◆ Work to complete
Starting with the first line of the listing, quote each line exactly until and including the one with "Buccinulum pallidum powelli", leaving pictures out.

◆ Task material
━━━━━━━━━━━━━━━━━━━━

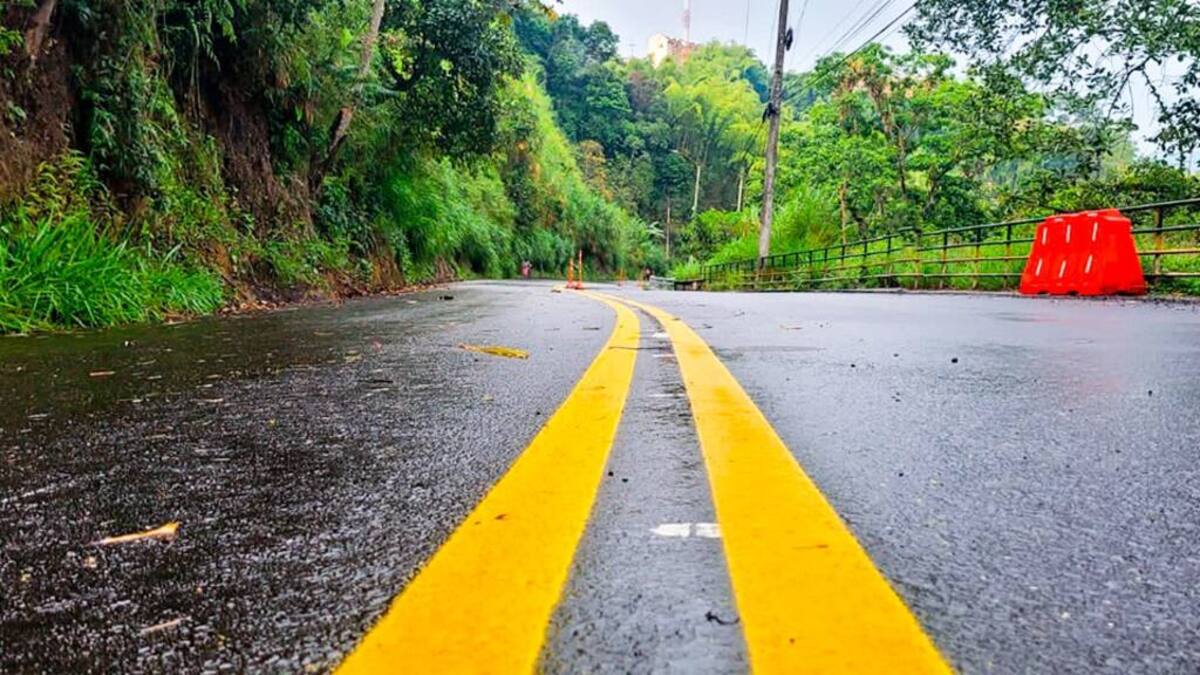 Informe licencia ambiental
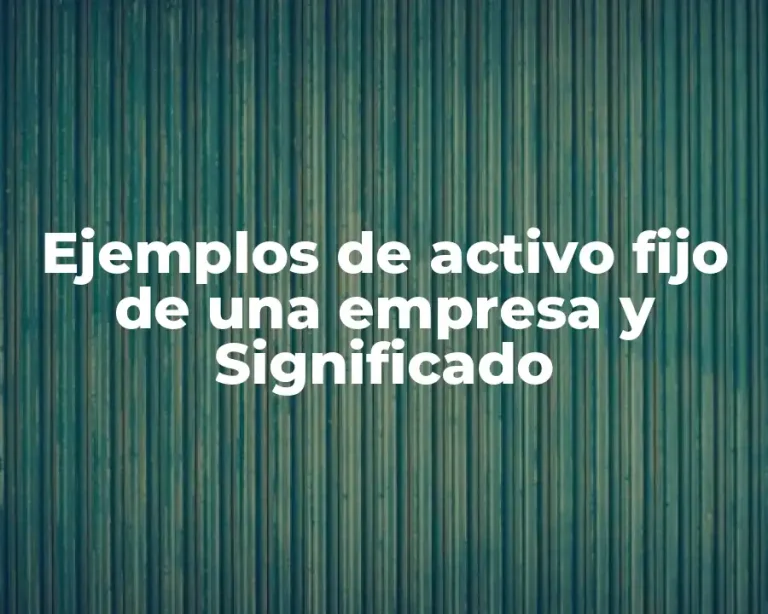 Ejemplos de activo fijo de una empresa y Significado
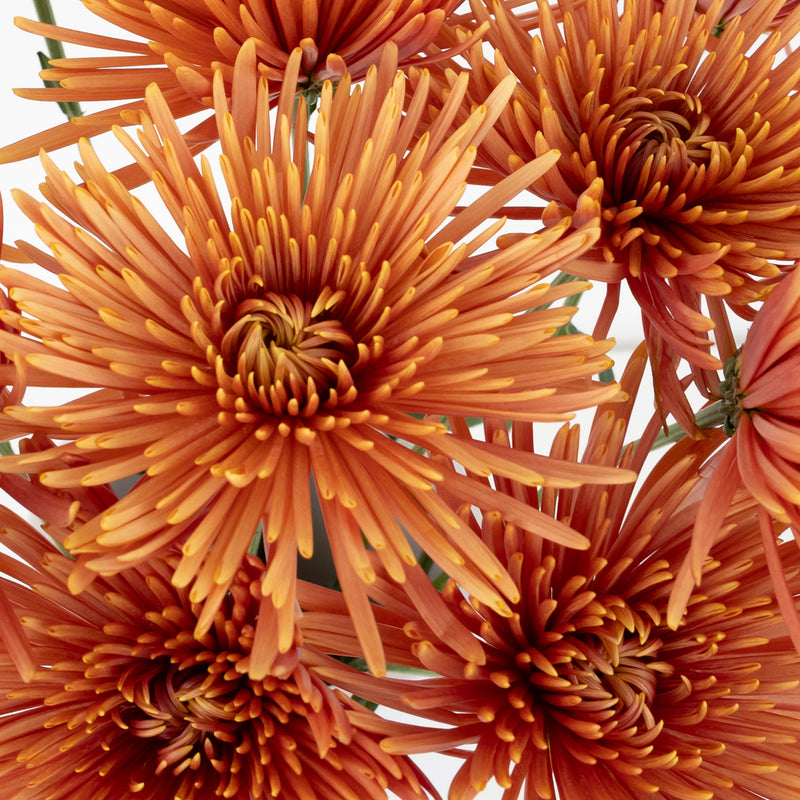 Copper Bronze Spider Mum Flowers Close Up - Image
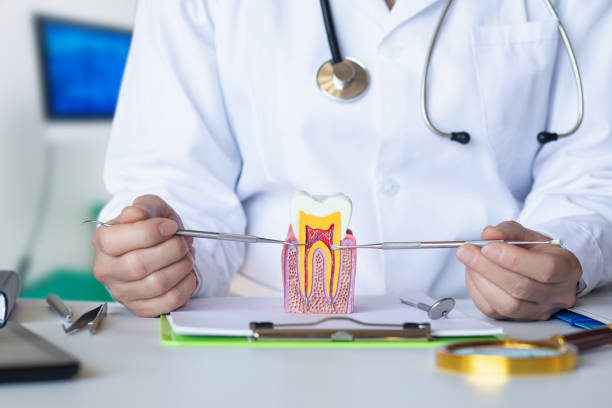 Best Emergency Orthodontic Repairs in Lucedale, MS
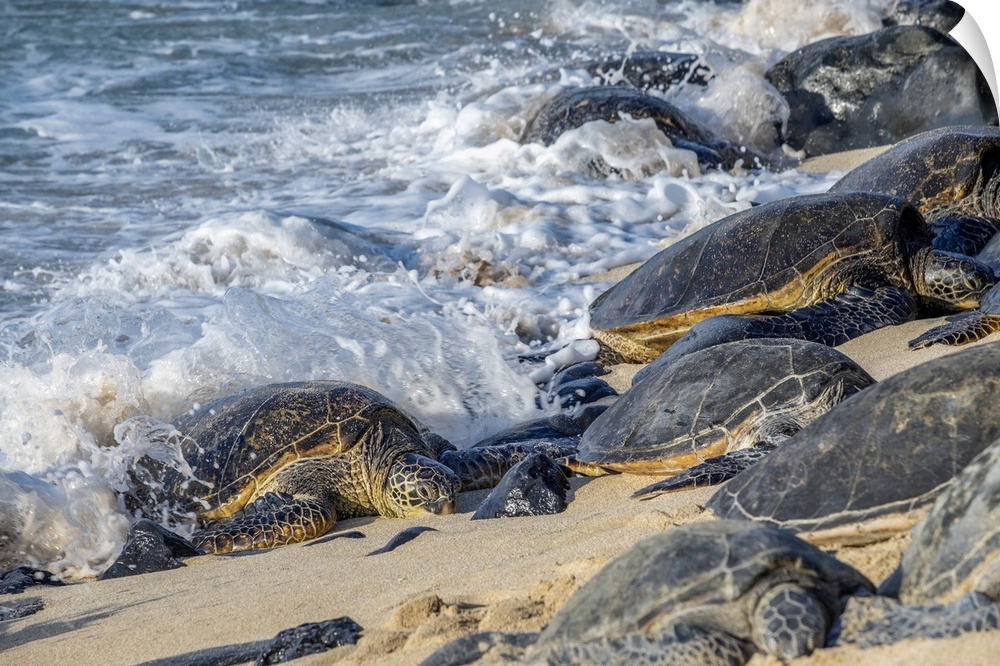 Green sea turtles, Maui, Hawaii, USA.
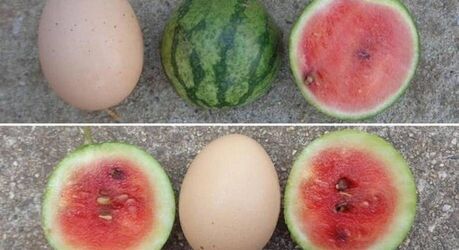 Селекционеры вывели арбузы величиной с куриное яйцо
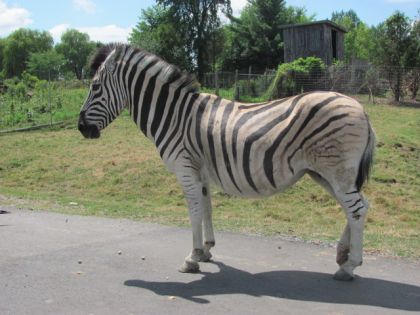 voici Renoir mon cheval adorée
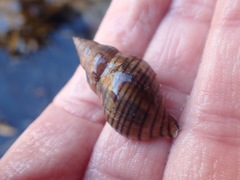 Buccinulum pallidum powelli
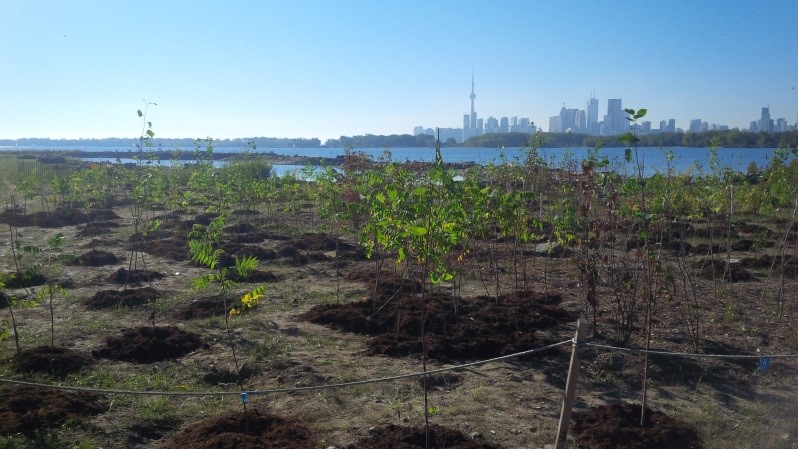 Tree saplings planted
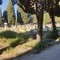 «Cimitero di Barletta: degrado e abbandono senza rispetto»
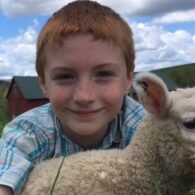 sheep lambs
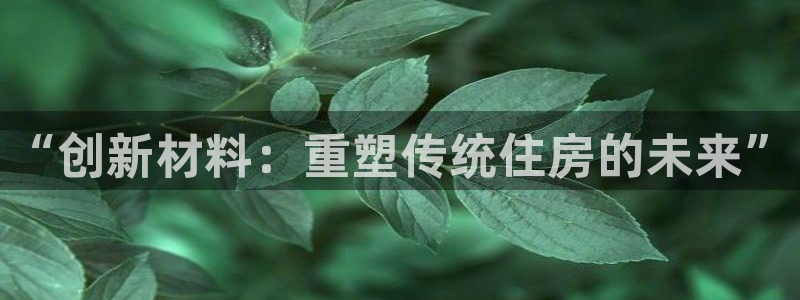 先锋娱乐电话：“创新材料：重塑传统住房的未来”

━━━━━━━━━━━━━━━━━━━━

◆ Completed task
 Informe licencia ambiental
 Ejemplos de activo fijo de una empresa y Significado
 Copper Bronze Spider Mum Flowers Close Up - Image
 Best Emergency Orthodontic Repairs in Lucedale, MS
 Green sea turtles, Maui, Hawaii, USA.
 Селекционеры вывели арбузы величиной с куриное яйцо
 voici Renoir mon cheval adorée
 Buccinulum pallidum powelli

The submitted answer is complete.